For every business, sales are a “number” game. At the end of the day the only thing that counts is the number. Naturally the sales KPIs ultimately reflect the count of number!!! Regardless what sales people are doing, how they are doing….. Problem is all the task or assignment sales team is dealing with may not turn into number. If your KPIs are just a counting machine of number and there is no subtitle for your sales team then you are setting a standard to discourage sales people. Activity doesn’t always equal quality conversations that lead to a sale. KPI is a balance between good management and data. Too often companies fall back on measuring more ‘data’ when things aren’t going well but usually it’s about the product, market changes or individuals not performing.
So, what is the answer? Yes or No?
Technically it is not possible to find a universally accepted argument on “KPIs for Sales People”. Two points:
- First, a KPI can be useful, but it should reflect both top-down and bottom-up driven and based on the market. Maximum times KPIs are top down driven and not really consider what the market is all about.
- Second, it should reflect both the “leading indicators” and “lagging indicators.” In KPIs “lagging indicators” measure the result of what came before it. Example are variables like closed sales, average deal size and sales cycle length. On the other hand “leading indicators”, are often related to activities undertaken by employees. It measures that reveal whether you are headed towards achieving your desired result, and ideally, they’re controllable.
Some sales managers advocate that KPIs are often an afterthought in sales teams and in many cases don’t affect behavior.
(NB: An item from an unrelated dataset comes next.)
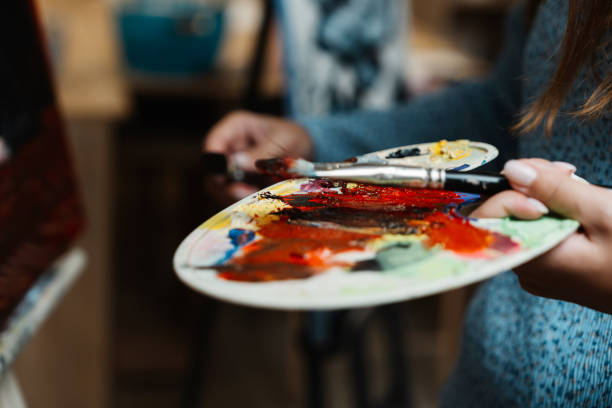 istock Artist mixing vibrant colors on a palette in a creative studio setting 2187299140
The reason for this is that the KPI target is the be all and end all of how sales performance is judged (in many organizations) and they know this even if there are bonuses attached to achievement of KPI targets.
In a closing note, as a part of the whole business process, sales process has to be evaluating through KPIs. But, question is whether the traditional method to set KPI should be altered for sales process KPI? And how many should be in place in order to get the output? Sales people do not like KPI’s and definitely hate too many KPI’s. Quantitative, qualitative KPI’s complete a long list. The point is KPI’s should guide sales performance and not discourage sales people.